South Sudan is one of the world\’s biggest displacement crises – and it isn\’t just the conflict that\’s pushing people out of the country. This project used several sources of public data to illustrate the country\’s collapsing economy and the challenges of life for those remaining inside as well as those who choose to leave. The story aimed to give context and scale to an anecdote often heard while reporting in refugee camps: that life in South Sudan was unaffordable. The data allowed us to calculate how much professional salaries for jobs such as teachers, soldiers and professors had lost value over the course of the civil conflict. The project worked to illustrate these realities in a way in which audiences outside of the region could understand and relate to the crisis.

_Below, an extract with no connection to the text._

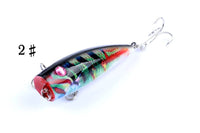 4X 6.8cm Popper Poppers Fishing Lure Lures Surface Tackle Saltwater Kings Warehouse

What makes this project innovative?
It can be very difficult to obtain credible and complete data in South Sudan. The conflict has disrupted data collection, in part by blocking access to some regions of the country, and the government invests very little in gathering or publishing economic data. However, the economic situation is a crucial element contributing to the flow of refugees into neighbouring countries. This project made use of data collected by the Food and Agriculture Organization of the United Nations, the government of South Sudan, and organizations distributing services on the ground. The reporting was also done by a freelancer working with limited resources. The goal of the story was to help quantify the problem and tell a story so often told through anecdotes from a refugee camp through the lens of the people who remained inside the country, relying on the data to provide the context.
What was the impact of your project? How did you measure it?
The greatest impact of this story was its ability to foster discussion on social media relating to South Sudan. The story elicited response from many analysts and organizations working on South Sudan, but also generated discussion about the complex causes of the movement of refugees.
Source and methodology
The key source of data was gathered through accessing a site run by the United Nations and South Sudanese government, called CLIMIS, where weekly food price data is available to export. That site required a login at the time, which was obtained by the reporter. That data was analysed to find the largest changes in food prices, the places in the country in which prices had increased most dramatically, and compared with the black market exchange rate to see the relative cost in US dollars. Much of the data was incomplete or unreliable as it came from regions that had been disrupted by the conflict. In order to resolve that concern, the story relied on data from a few key markets located in the capital city, Juba, which was more comprehensive. The reporter analysed data from the five years since the start of the civil conflict. In order to develop an understanding of purchasing power, we also wanted to compare the rising food prices with salaries. Those were obtained by manually going through public budget pdf documents from the South Sudanese government, putting the salary rates into an Excel sheet, and comparing them to material provided by sources working in education and other fields. The salaries were then also converted into US dollars using the black market exchange rate, and then compared with the food price data from the same five-year period.
The analysis for this project was done using Excel pivot tables and charts, which were then recreated in-house for the published graphics.